In 1853, the township of Ridgeville extended north from Graceland (Irving Park Road) to Central in Evanston and from the lake to Western Avenue. In 1855, John Anderson was elected highway commissioner of Ridgeville. The north section of Ridgeville took the name of Evanston in 1857. What had been Ridgeville, south of Devon, was organized as Lakeview Township by its citizens that same year at a meeting in a four room schoolhouse at Foster and Clark. That old school house was known as the Andersonville school. The replacement building, the Trumbull School at 5200 N. Ashland, was completed and opened in 1908.

In 1865, Lakeview Township gained official status from the State as a town. The population grew gradually as the farmland exchanged hands and was subdivided. Irish, Swedish, Germans and Luxembourgers settled in the area. Some managed truck farms and others tended bar or managed bars and restaurants. The first buildings were wooden with stove heat and no electricity. The Anderson name appeared on several neighborhood businesses including Anderson Lumber, just west of the Chicago and Northwestern Railroad tracks and, later, the Anderson monument company at Rosehill and Ravenswood. Many of the Swedish settlers were involved in the trades and the construction of substantial buildings began in earnest after 1900.

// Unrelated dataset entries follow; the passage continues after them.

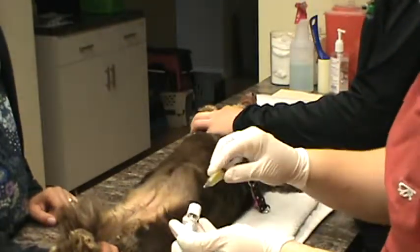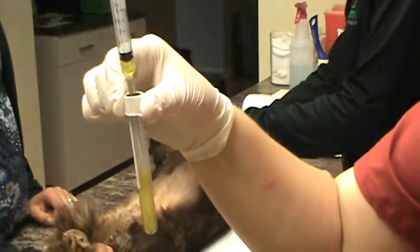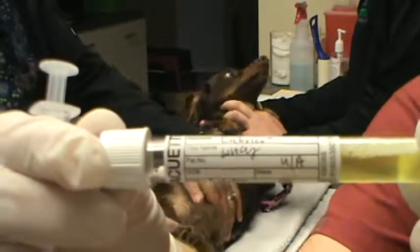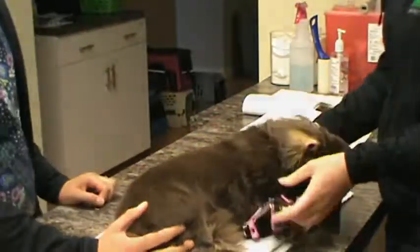And there we are. I'm going to transfer that to our vacutainer, and it's properly labeled here. And then I'm going to roll the patient back over gently. And that was a cystocentesis.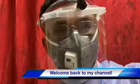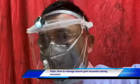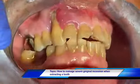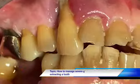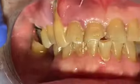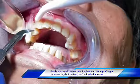Good morning everyone. Welcome back to my channel. Today I will be quickly speaking about how you manage the defect gingival facial aspect of the patient when you take out a tooth with severe recession. In this particular case, the patient has severe recession here. If you simply numb the patient and remove the tooth and don't do anything, you will have a big defect of the gum there.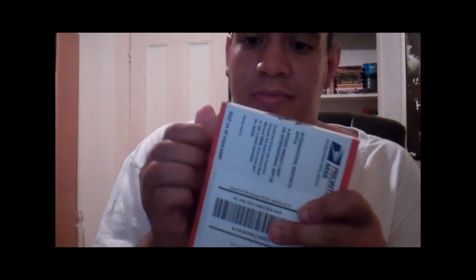Hey guys, what's up? It's Jodyo Swizzle and I have a box. It's been a while since I've gotten something. I've just got something fairly small, so let's open this bad boy up.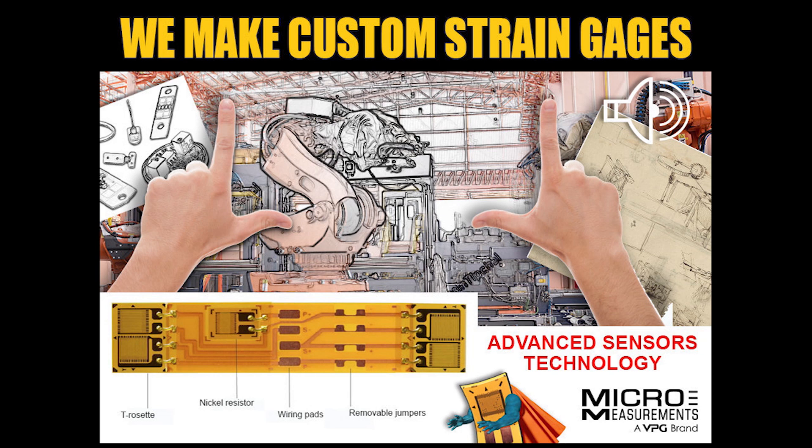These grids are going to be very small and they've got to be in a very specific location in order to get the axial and the torsional components. We're going to use a flex circuit in order to jump the grids together and really eliminate potential problems with running individual wires in such a harsh environment.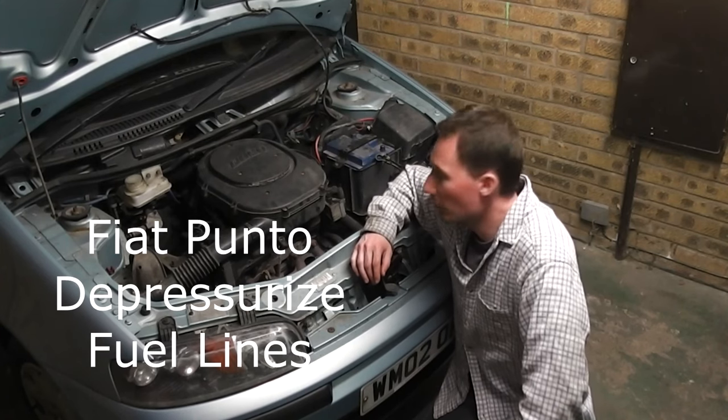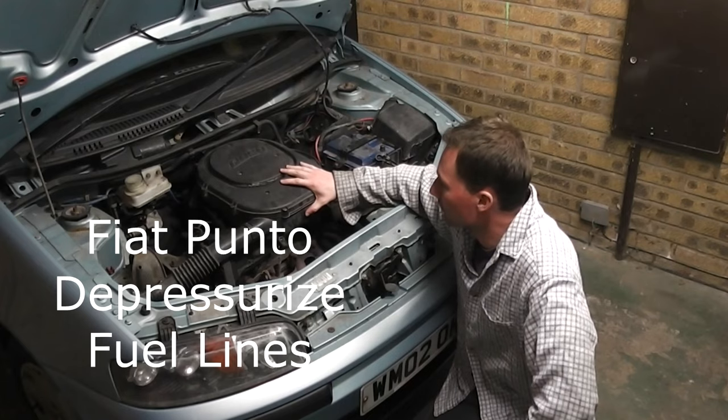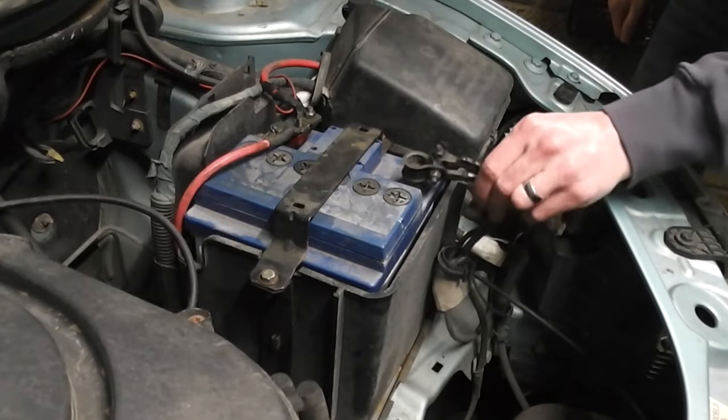How to depressurize the fuel system on a Fiat Punto. The first thing we need to do is remove the air filter. Disconnect the battery, negative terminal first.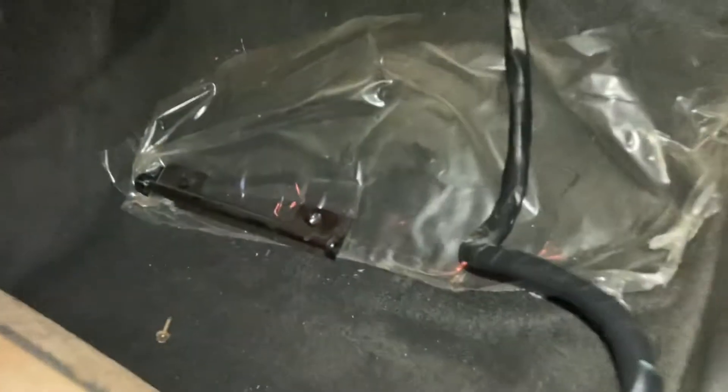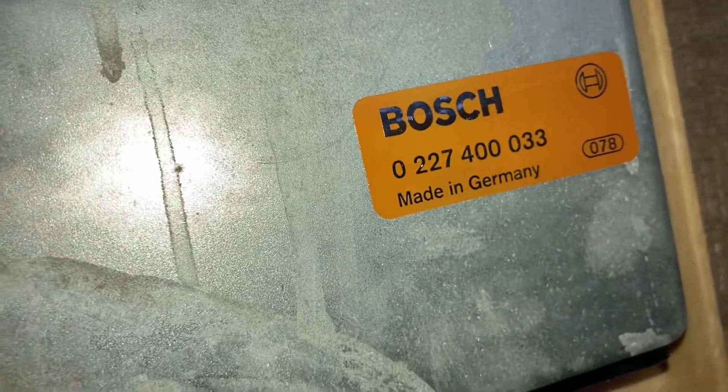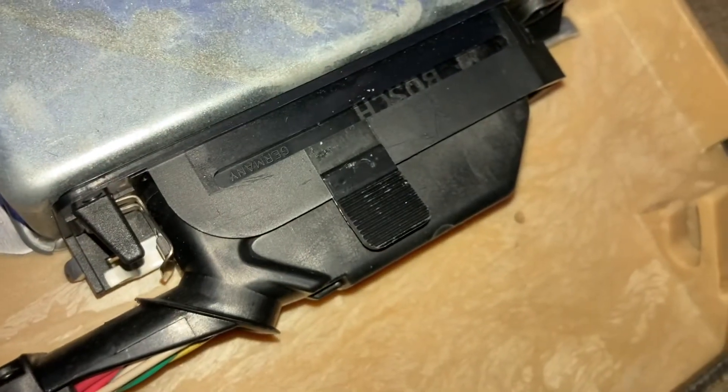Sorry, this thing's messy, but we've got the actual floor. We've got this piece here, which is a footrest. On the back of it has this Bosch bit, which I believe is the ECU connector.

In 1887, Lakeview organized a government with seven wards. The 7th ward included the area north of Foster. It was sparsely settled with only 300 registered voters. At this same time, John Lewis Cochran began subdividing the land from Foster to Bryn Mawr from Sheridan west to Broadway. He planned a suburb which he named Edgewater. In 1889, the Town of Lakeview voted to become a part of the great city of Chicago. Only the 7th ward voted against it. These two parts of Lakeview, Andersonville and Edgewater, which never organized as separate towns, were then closely integrated into the development of Chicago.

The names identifying adjacent settlements became intertwined as the Swedish settlement grew along Clark Street. Owners of property north of Foster sold and resold the land even before subdivision.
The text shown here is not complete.